RUSSIA
ISS crew return safely
A Soyuz space capsule carrying a three-man crew returning from a five-month mission to the International Space Station (ISS) landed safely yesterday on the steppes of Kazakhstan. Canadian astronaut Chris Hadfield, American Thomas Marshburn and Russian Roman Romanenko landed as planned southeast of Dzhezkazgan at 8:31am. Rescue teams moved quickly to help the crew exit through the narrow hatch of the capsule. They were then put into reclining chairs to start adjusting to Earth’s gravity after 146 days in space.
UNITED STATES
Holmes may plead insanity
Judge Carlos Samour on Monday ruled that James Holmes, who stands accused of killing 12 people and injuring 70 in a Colorado cinema shooting on July 20 last year, could plead not guilty by insanity, but said he would not yet formally accept the change of plea. Samour set a new hearing for May 31, after which he will decide to accept or reject the insanity plea. The trial judge had entered a straight “not guilty” plea on Holmes’ behalf in March. Daniel King, Holmes’ court-appointed attorney, on Monday said the insanity plea could not be entered in March because a mental evaluation had not been completed at that time.
VENEZUELA
Maduro deploys troops
President Nicolas Maduro on Monday said his government will dispatch about 3,000 police and army troops throughout the country in a bid to stem spiraling violent crime in what authorities are calling operation Safe Homeland 2013. Troops were to fan out across what the government says are the least safe parts of the country, including the Sucre and Baruta neighborhoods of Caracas in Miranda State, where vanquished presidential challenger Henrique Capriles serves as governor. “I am not a dictator, but I have to protect Venezuela’s children,” Maduro said.
UNITED STATES
Pakistani activists honored
A Pakistani rights activist who founded an all-girls school said the Taliban was “more afraid of the books than bombs” as he and his 15-year-old daughter, Malala Yousufzai, who survived an assassination attempt by the Taliban late last year, were honored on Monday at a memorial for Oklahoma City bombing victims.

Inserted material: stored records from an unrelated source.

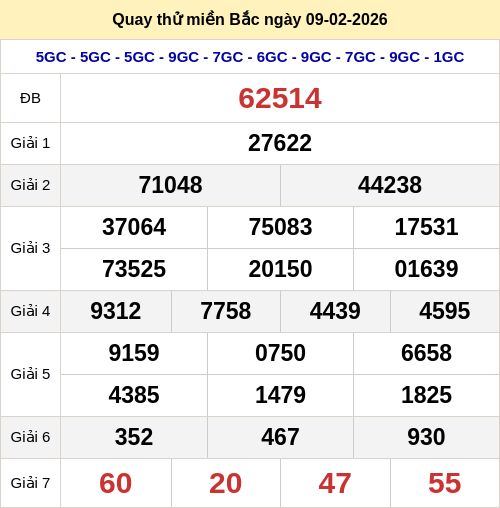 Quay thử kết quả xổ số miền Bắc ngày 09/02/2026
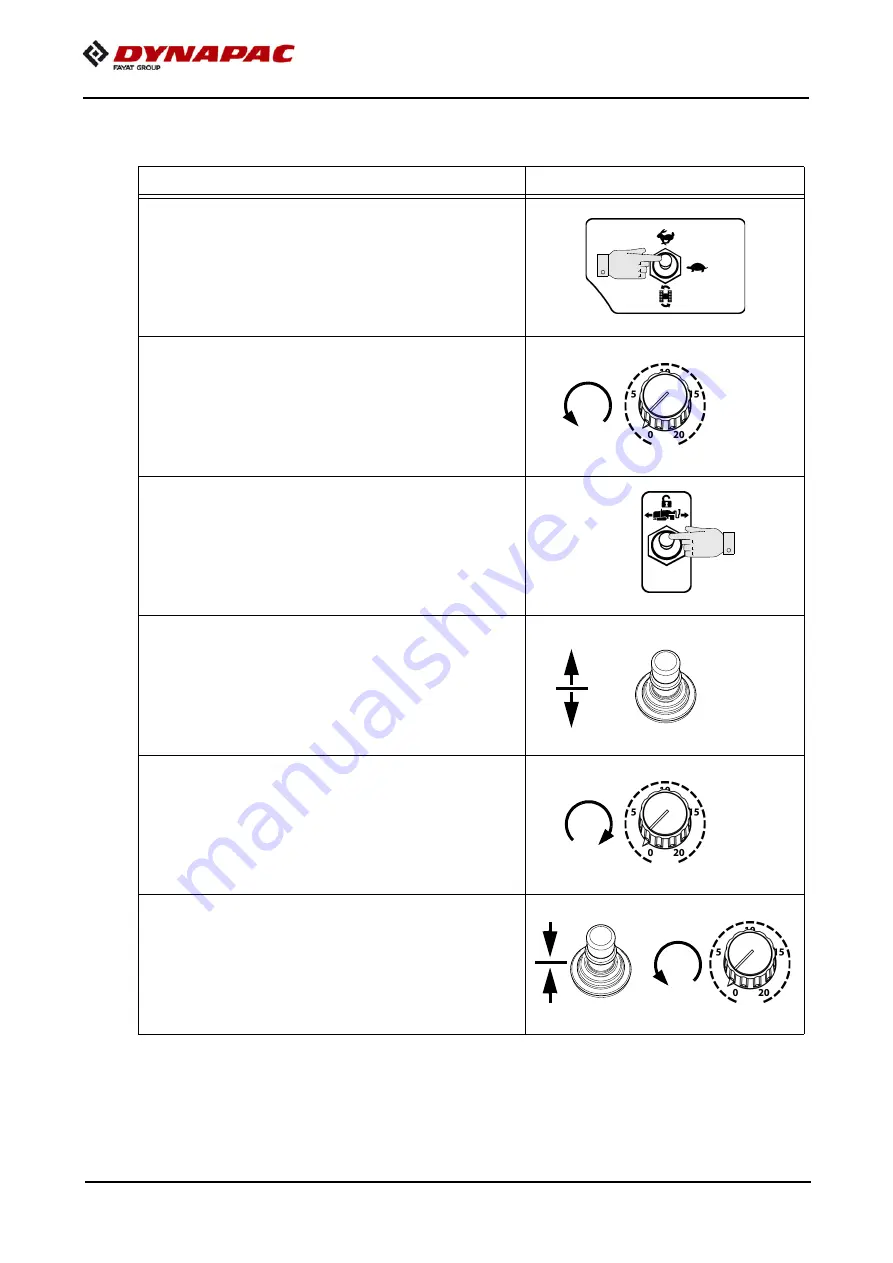 Dynapac F1250CS Application, Operation & Maintenance Download Page 72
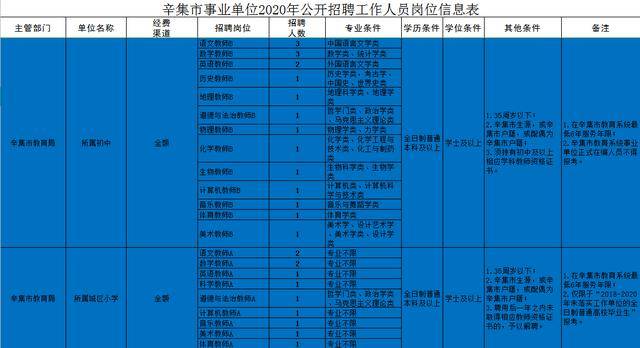 辛集市特殊教育事业单位人事任命动态更新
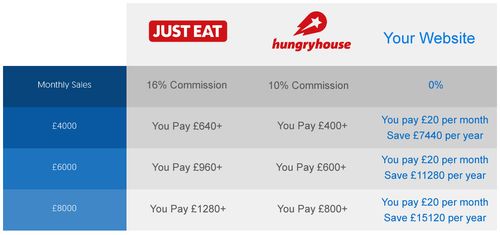 Online Ordering Website for Restaurants - 0%Commission, POS/EPOS Till System — image 3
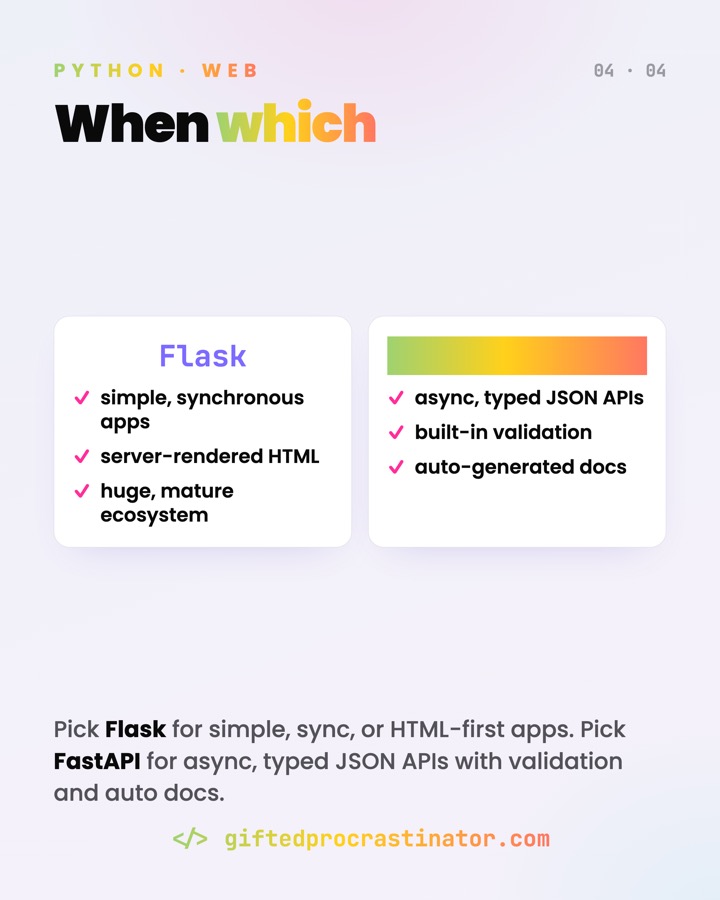 Python Web Frameworks — card 4 of 4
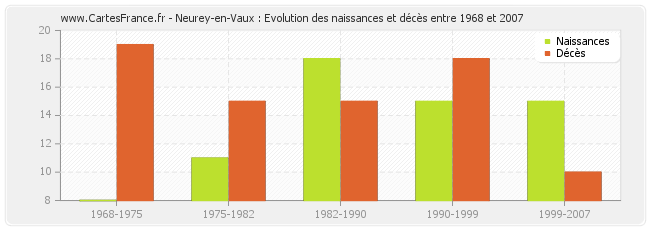 Neurey-en-Vaux : Evolution des naissances et décès entre 1968 et 2007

Ziauddin Yousufzai decried political violence at a ceremony held to honor him and his daughter. “We share the pain. We share the suffering,” Ziauddin Yousufzai said. “We have tragedies like Boston [Marathon bombings] every day.”
UNITED STATES
Joyce Brothers passes away
Psychologist Dr Joyce Brothers, who blazed a trail decades ago in the emerging television genre of advice programming, died on Monday, longtime spokesman Sandy Brokaw said. Brothers, 85, passed away in New Jersey, Brokaw said. With a doctorate from Columbia University, Brothers became a popular presence on US airwaves who helped generations understand parenting and child psychology.
UNITED STATES
Shooting suspect named
Louisiana police on Monday identified 19-year-old Akein Scott as a suspect in the shooting of about 20 people during a Mother’s Day parade in New Orleans, saying several people identified him as the gunman captured by surveillance cameras. Police Superintendent Ronal Serpas said that officers were looking for Scott, adding that it was too early to say if he was the only shooter.
CHINA
Two men held in sex cases
A school principal and a government worker have been detained on suspicion of inappropriate liaisons with six girls under the age of 14 after the men took them to separate hotels and spent a night with them. The girls — all friends in Wanning, Hainan Province — were first found absent from class on the afternoon of May 8, prompting a search by teachers, parents and police, Xinhua news agency said yesterday. Four of the girls spent the night of May 8 in a hotel with a principal, who has since been fired, Xinhua said. The government worker took the two other girls to another hotel, but the girls denied he acted inappropriately.
CHINA
Senior NDRC official sacked
The Chinese Communist Party (CCP) has sacked Liu Tienan (劉鐵男), deputy director of the National Development and Reform Commission (NDRC), Xinhua said yesterday, following a probe into graft allegations that emerged on the Internet. Xinhua said the decision to fire him “was made because of Liu’s suspected involvement in serious disciplinary violations.” Allegations against Liu, 58, surfaced when a journalist at Caijing magazine accused him of improper business dealings late last year.
CHINA
Censor says job revolting
Liu Xiaozhen, a 70-year-old censor who works for the Hunan provincial government, said he was embarrassed when he first took the job. “My face turned red to my ears and my heartbeat quickened a bit,” he told Hunan Satellite Television. Watching such footage can have enormous “psychological impact,” the report said, so candidates must be married, preferably elderly and undergo a training course. Liu said there were ever more videos to review. “Viewing them makes you sick and you wouldn’t even want to take a look. But you have to watch them seriously because it is your job,” he said.
INDONESIA
Suspected militant killed
Police have shot and killed a suspected militant after a failed attempt to bomb police in West Java’s Tasikmalaya town late on Monday. One officer was critically injured while attempting to arrest the suspect. Police said the man threw the bomb at a police post, but it failed to explode. Two traffic officers then chased the suspect and he tried to shoot them with a homemade gun that apparently jammed. He then slashed one officer’s neck and chest before the second officer shot him.
INDONESIA
Miners trapped by cave-in
Police say at least 30 workers are trapped underground after a tunnel caved in at a giant gold and copper mine in Papuaowned by Freeport-McMoRan Copper & Gold of the US. Lieutenant Colonel Gede Sumerta Jaya said the accident happened yesterday morning at the Grasberg mine in Mimika district.
SOUTH AFRICA
Drunk charges elephant
Video footage of an inebriated tourist lunging out of his car and charging a wild elephant at the Kruger National Park caused an uproar on Monday. The footage, posted on wildlife site Latest Sightings, showed the unidentified man charging toward the startled animal. With friends cheering and encouraging him, the man runs toward the elephant, falls to the ground, but gets up again and bolts in the direction of the animal. The elephant initially swings its trunk toward the man, but soon makes its escape. The man returns to his cheering friends.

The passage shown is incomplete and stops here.